Le principe étant de permettre aux bénéficiaires, à partir d’un minimum de superficie couverte, de réaliser une extension ultérieure par la suite.

Le 2ème programme qui portait sur 30.000 logements au départ a été ramené à 20.000 et le délai de réalisation prévu initialement sur deux ans n’a plus été fixé de façon précise.

Il est clair que ce projet gigantesque implique des délais beaucoup plus longs inhérents aux multiples dispositions techniques, foncières, administratives et financières à prendre pour le réaliser avec succès soit dans le meilleur des cas quatre à cinq ans selon les experts du secteur.

Il y a d’abord une difficulté majeure d’ordre foncier : trouver de vastes terrains disponibles appartenant aux  domaines de l’Etat, situés à proximité des villes et des villages afin de les consacrer à la construction des nouveaux logements afin de favoriser l’aménagement des viabilités : alimentation en eau, raccordement électrique, assainissement.

Il y a ensuite les études techniques relatives aux infrastructures : lotissement, aménagement de routes, canalisations d’assainissement, à financer par l’Etat…

Il faut ensuite préparer les plans des logements en vue de l’obtention des permis de bâtir. Il est essentiel aussi de trouver les financements nécessaires pour procéder au lancement des appels d’offres en vue d’entreprendre les travaux de construction.

Toutes ces formalités exigent du temps, les délais sont incompressibles pour certaines opérations. Certains critères ont été déjà retenus : le coût de construction d’un logement ne doit pas dépasser 35.000D, un crédit de 100MD a été budgété pour 2012, tandis que le coût global du programme a été estimé à 1,40 milliard de dinars.

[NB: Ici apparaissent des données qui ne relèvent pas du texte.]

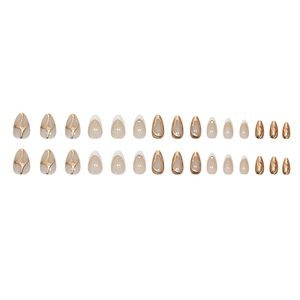 Short almond press-on nails with white French tips and gold sparkling textured patterns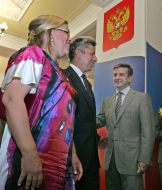 Yuriy and Vera Boyko, and Mihail Zurabov
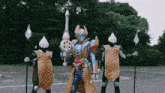 a man in a costume with a sword and shields stands next to two other men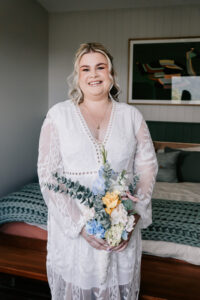 Professional videography photography and drone footage bride smiling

Les choix et les préoccupations du ministère de l’Equipement sont les suivants : le lancement d’un appel d’offres international et la formule retenue, celle des «clés en main», sont destinés à agir autant sur la compression des prix que sur celle des délais.

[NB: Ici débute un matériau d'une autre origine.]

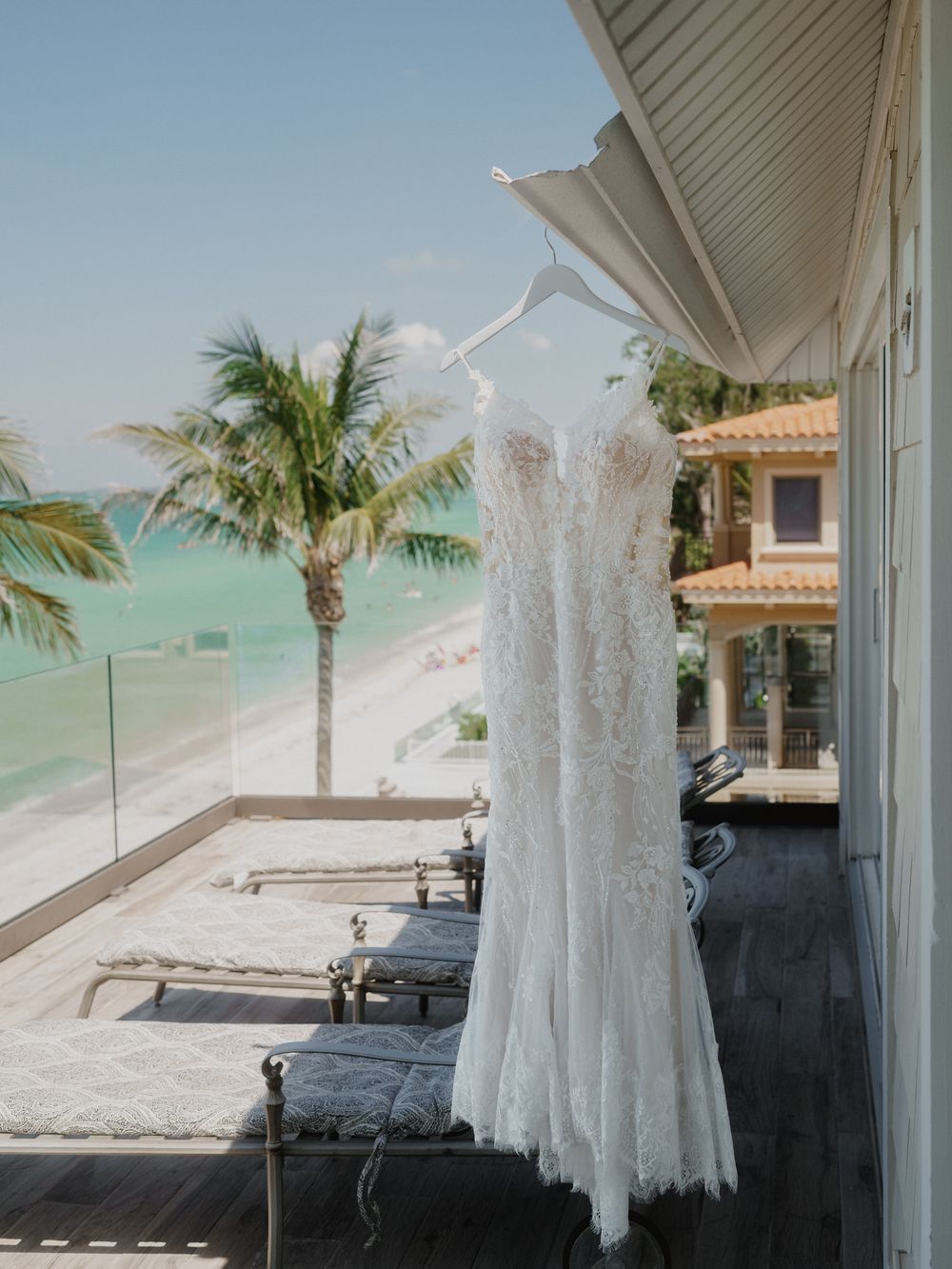 White lace wedding dress hanging on balcony with ocean and palm trees in background.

Le choix de l’industrialisation du processus de construction va dans le même sens, mais cela impliquerait l’importation de panneaux préfabriqués de l’étranger, à monter sur place dans les chantiers par de gros engins de travaux publics. Il y a eu dans le passé des expériences en matière d’industrialisation du bâtiment qui n’ont pas toujours été réussies : logements construits par El Iskan à Ben Arous, logements construits à El Mourouj selon la méthode italienne de béton injecté Tambourini. Alors que pour la Cité d’olympique de Radès, il n’y a pas eu de problème majeur.    

Les griefs des architectes et de la société civile sont multiples et leurs protestations sont nombreuses contre les principes retenus par le ministère de l’Equipement et de l’Habitat.

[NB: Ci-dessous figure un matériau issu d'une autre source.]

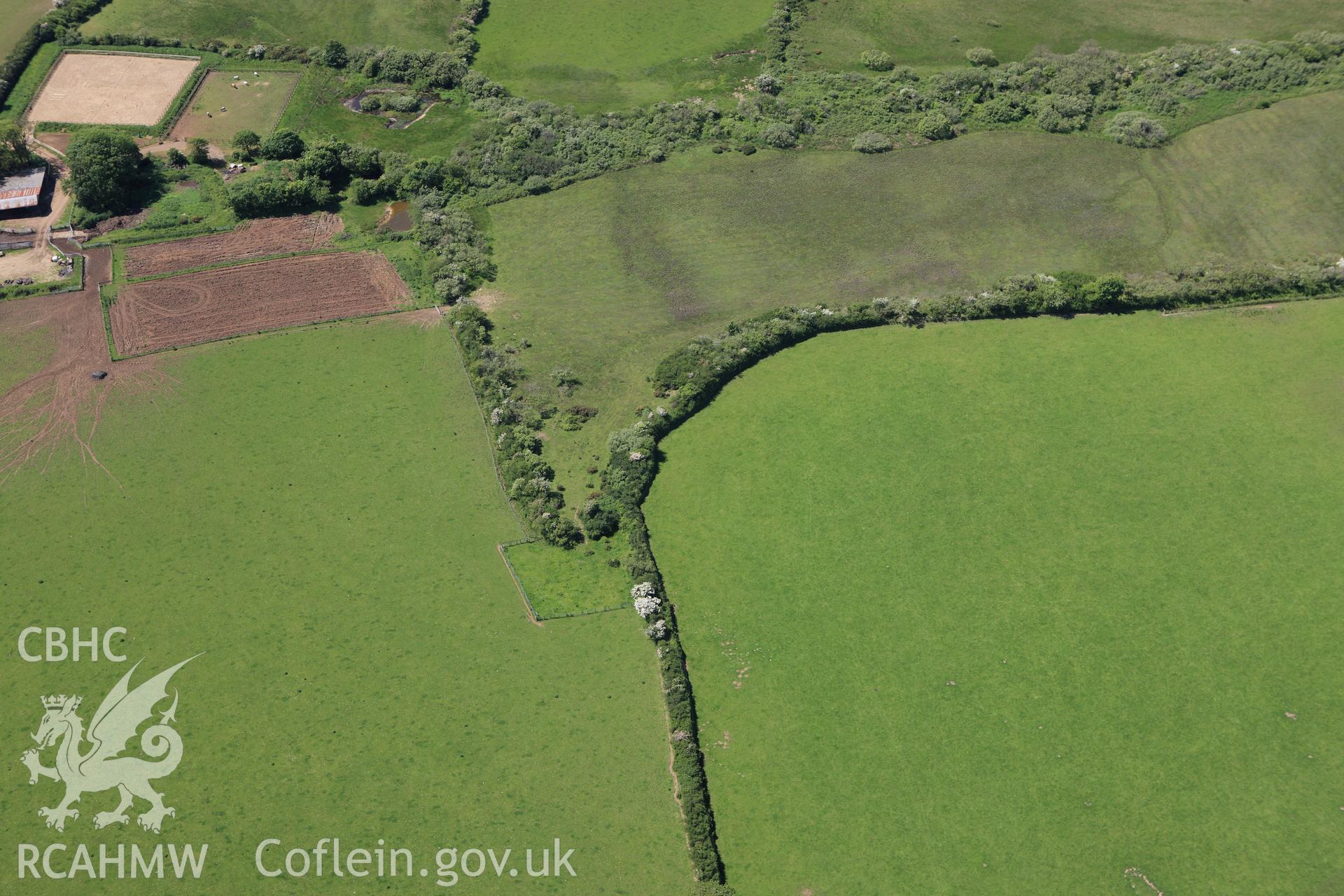 RCAHMW colour oblique aerial photograph of a burnt mound 240m northeast  of Highway Park. Taken on 01 June 2009 by Toby Driver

Tout d’abord, ils reprochent à l’autorité de tutelle de ne les avoir associés ni au processus de conception et de définition du programme ni aux modalités de sa réalisation, alors que ce sont les hommes de l’art et qu’ils ont leur mot à dire en la matière.

Cette remarque est aussi valable pour les bureaux d’études et les ingénieurs-conseils.

Ensuite, ils contestent la fiabilité technique du préfabriqué ainsi que la réussite de la formule «clés en main» et affirment que cette solution n’est pas conforme aux intérêts de l’économie nationale et ne respecte pas l’authenticité du patrimoine culturel du pays.

En effet, ils considèrent que l’un des objectifs de ce programme consiste à créer le maximum d’emplois pour la main-d’œuvre tunisienne dans le secteur du bâtiment et à dynamiser le tissu des entreprises de bâtiment locales.

Les architectes tunisiens doivent trouver leur compte dans ce vaste programme, car ils sont les seuls à pouvoir adapter les plans des logements au mode de vie et aux usages et traditions de chaque région plutôt que l’adoption d’un plan standard valable pour toutes les régions du pays. Ils ont organisé un sit-in devant le ministère le 29 août et ont soulevé le problème devant l’ANC.